_What you will do:_
Having located the line with "Item preview, Strawberry", print it and each remaining line exactly, stopping at the end of the material and omitting pictures.

_Extracted data:_
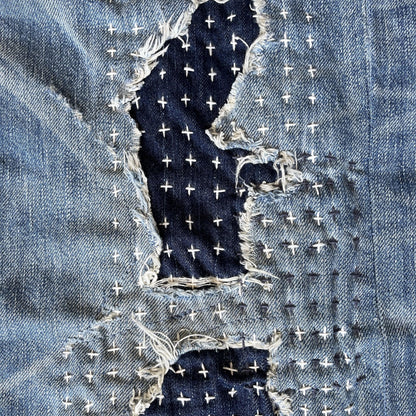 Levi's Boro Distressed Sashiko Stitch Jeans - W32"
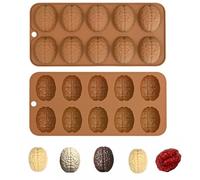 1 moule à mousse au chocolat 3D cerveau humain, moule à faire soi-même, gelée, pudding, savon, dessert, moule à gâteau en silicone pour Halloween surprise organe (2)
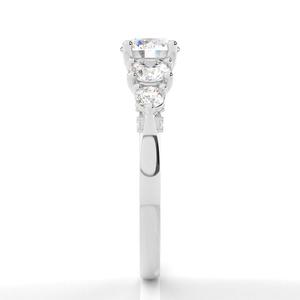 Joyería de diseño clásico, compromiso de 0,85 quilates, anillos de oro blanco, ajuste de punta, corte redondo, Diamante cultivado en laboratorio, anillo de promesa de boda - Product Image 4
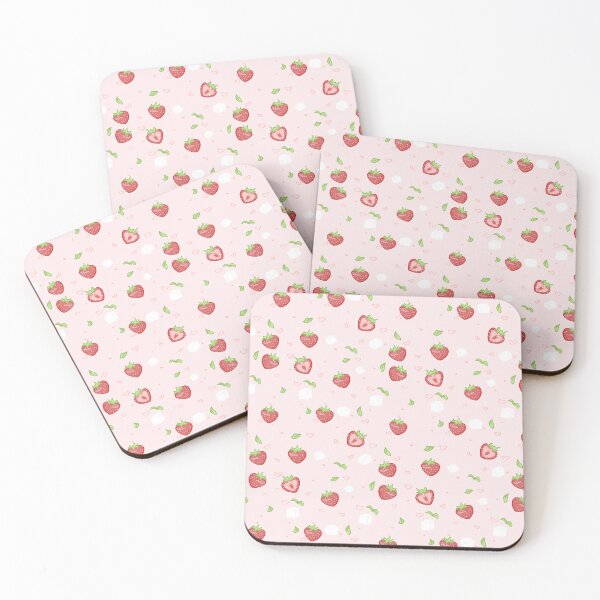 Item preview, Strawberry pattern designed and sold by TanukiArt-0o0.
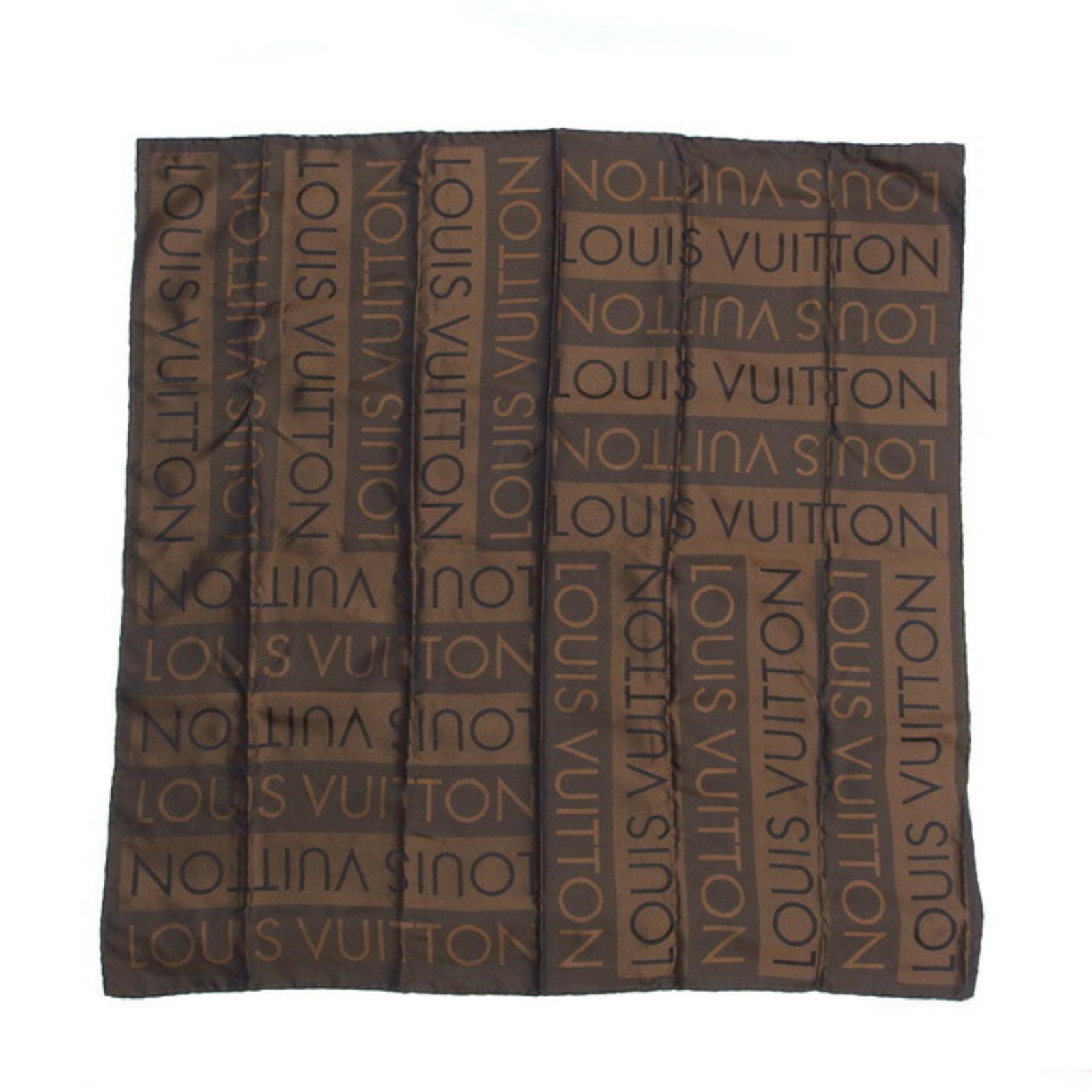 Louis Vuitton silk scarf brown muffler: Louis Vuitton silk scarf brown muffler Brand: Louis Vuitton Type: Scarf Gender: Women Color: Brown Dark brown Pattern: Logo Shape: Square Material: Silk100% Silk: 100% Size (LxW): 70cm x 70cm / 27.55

_Reply:_
 Item preview, Strawberry pattern designed and sold by TanukiArt-0o0.
 Louis Vuitton silk scarf brown muffler: Louis Vuitton silk scarf brown muffler Brand: Louis Vuitton Type: Scarf Gender: Women Color: Brown Dark brown Pattern: Logo Shape: Square Material: Silk100% Silk: 100% Size (LxW): 70cm x 70cm / 27.55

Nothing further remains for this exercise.